Kaum mehr Platz, aber immer mehr Nachfragen: Die CDU hatte ein muslimisches Gräberfeld vorgeschlagen und sprach von einer „Win-win-Situation“.
Gen MekkaBergneustädter Stadtrat will einziges muslimisches Gräberfeld in Oberberg erweitern
Knapp 44 Prozent der Menschen zwischen Belmicke und Leienbach besitzen entweder eine ausländische Staatsangehörigkeit oder haben den deutschen Pass, aber Wurzeln im Ausland – so hat es das Statistische Landesamt Anfang 2022 zuletzt ausgerechnet. Und obwohl die Muslime an dieser Gruppe von fast 8500 Menschen einen maßgeblichen Anteil haben dürften, gibt es in Bergneustadt aktuell nur noch ganz wenige Quadratmeter Platz, auf dem nach muslimischem Ritus bestattet werden kann.

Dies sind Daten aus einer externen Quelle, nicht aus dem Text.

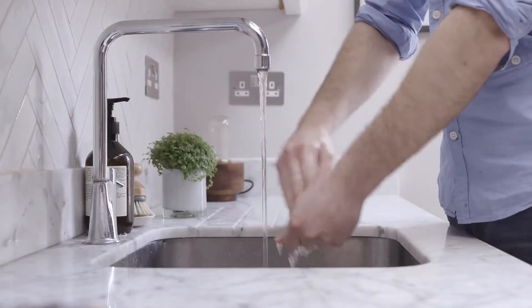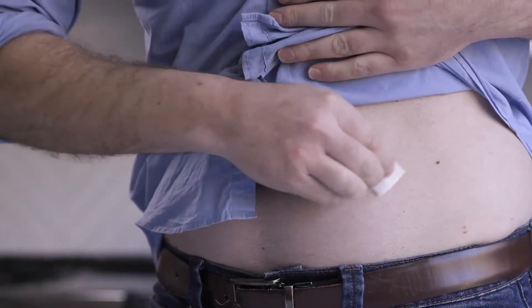Before you begin, wash your hands. Then clean your skin with rubbing alcohol and let it dry.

Muslime sollen nach dem Tod in ihrer Bergneustädter Heimat bleiben
Das Ende der Siebzigerjahre ausgewiesene Feld auf dem städtischen Friedhof ist seit Jahren so gut wie voll und es eignet sich eben nicht jedes Plätzchen. Nach den Lehren des Islam wird in Tüchern und ohne Sarg beerdigt, die Grablegung erfolgt exakt nach Osten, gen Mekka, und die Verbrennung ist für Gläubige keine Option.
Doch künftig soll es deutlich mehr Raum geben. Am Mittwochabend war die CDU-Fraktion im Bergneustädter Stadtrat mit dem Antrag auf Ausweisung eines muslimischen Gräberfeldes auf dem Friedhof an der Oststraße erfolgreich. Der Stadtverordnete Christoph Stenschke (CDU) sprach von einer „Win-win-Situation“: Durch immer weniger Erdbestattungen habe man den Platz auf dem Friedhof und andererseits könnten Muslime über den Tod hinaus in ihrer Bergneustädter Heimat bleiben.
Eine breite Mehrheit folgte dem Vorschlag, der bei der Freien Wählergemeinschaft (FWGB) sogar für richtige Begeisterung sorgte. „Wir danken der CDU für diesen Vorstoß, den wir selbst nicht gewagt hätten. Wir wären zu skeptisch gewesen, ob es dafür eine Mehrheit gibt“, sagte Mehmet Pektas (FWGB). Die Details soll nun ein Arbeitskreis in Zusammenarbeit mit der muslimischen Gemeinde erarbeiten.
Dass die Nachfrage nach einem Platz in Oberbergs bislang einzigem muslimischen Gräberfeld unstreitig vorhanden ist, bestätigt Julia Schalles, Vertreterin des Bürgermeisters. Und auch Pektas berichtet im Gespräch mit dieser Zeitung, dass es zwar weiterhin die alte Generation gebe, die auf eine Bestattung im Geburtsort, oftmals in der Türkei, bestehe. Aber die Zahl der Verstorbenen, deren Band in die Türkei deutlich lockerer geknüpft war, nehme stetig zu.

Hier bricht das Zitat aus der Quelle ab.